Type of Research:
Military.
Summary:
The intended audience for this paper is Army officers who are attending graduate school (primarily the Simulation Masters program at the University of Central Florida) with the hope of directing their research towards topics that ar immediately applicable to specific needs of STRICOM (Simulation, Training and Instrumentation Command).
The 17 specific topics are:
Weapon & Ammunitions Prioritization: a system that automatically determines the write weapon and ammunition for the target rather than depending on human judgment.
Target Prioritization & Disengagement: Given an array of targets in an intense battle, one of the most difficult issues a crew has is which target it should engage.
User Control Interface (UCI)/Workstation & Execution Matrices Improvements: Not only how information is displayed but how low-level units interact and how information is shared between them.
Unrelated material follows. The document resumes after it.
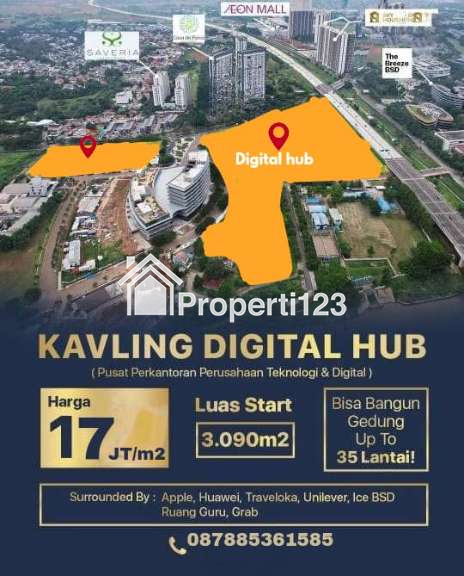 Dijual Kavling Komersial Digital Hub, Jln Damai Foresta, BSD City - 1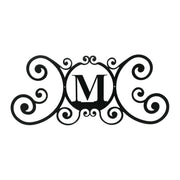 House Plaque Letter M Sign - 24 Inches with ornate scroll design, ideal for outdoor home decor and enhancing curb appeal.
Maneuver/Obstacle Avoidance/ Routing Improvement: One of the most common complaints from SAF (Semi Automated Forces) operators is the maneuver capability of the SAF entities.
Suppressive Fire Effects: One weakness in current virtual simulations and CGFs is a realistic simulation of suppressive fire effects.
Stability and Support Operations (SASO), Nuclear Biological Chemical (NBC), or Amphibious Operations Requirement Analysis: These new units types are not accurately modeled or included in CGF simulations.
Virtual Warrior/ Infantry Simulation: Most of the simulators and CGFs were based on supporting tank simulation. As the virtual and CGF technology progressed it became apparent that infantry had to be added to the simulation. The addition of infantry has proven to be difficult because of it unique behavior and maneuver characteristics.
Military Operations in Urban Terrain (MOUT): There are numerous problems with urban combat simulation including Line of Sight (LOS), 3D maneuvering, changing terrain (building damage), etc., etc.
Situational Behavior Improvements: The CGF AI needs a great deal of improvement.
Digital Message Processing: Creating the ability for the CGF to send and receive and respond to messages.
Fair Fight with Manned Simulators: Manned simulators and SAF are not equal in information.
Executive Framework Control: Optimization of ModSAF and CCTT SAF which has some definite time and size problems.
Demand-Driven Simulation: Optimization of training simulations so that they would not spend CPU time and resources calculating unnecessary data.
Scalability Analysis of Simulation Problems and Algorithms: This analysis could characterize the potential for time-space tradeoffs in algorithms [e.g. Line-of-Sight determination, Route Planning] for solving these problems, determine the extent to which these problems can be solved via parallel or distributed algorithms, and describe the effects of bandwidth constraints and network latency on parallel or distributed solutions.
Command from Simulator (CFS) Issues: In order to support Command Force Exercises (CFX) whose focus is the training and exercise of commanders and leaders, an operational mode called CFS was created in CCTT SAF. In other SAFS it has been refereed to as a tethered unit. Apparently this kludge has caused numerous problems including units not stopping on an intervisability line such as a ridgeline.
Aggregate-Disaggregate Algorithms: For example, the destruction of one tank in a platoon is not the same as minor damage to two of the tanks, but commonly used reaggregation techniques might map these back to the same constructive representation.
Opposing Forces (OPFOR) Skill Levels/Variable Skill Leadership Behaviors: Current SAF systems have methods to create different skill levels that modify detection, engagement rates and delivery accuracy based on the competency level identified. This implementation(s) are mainly speculative and need an empirical analysis based on actual field data.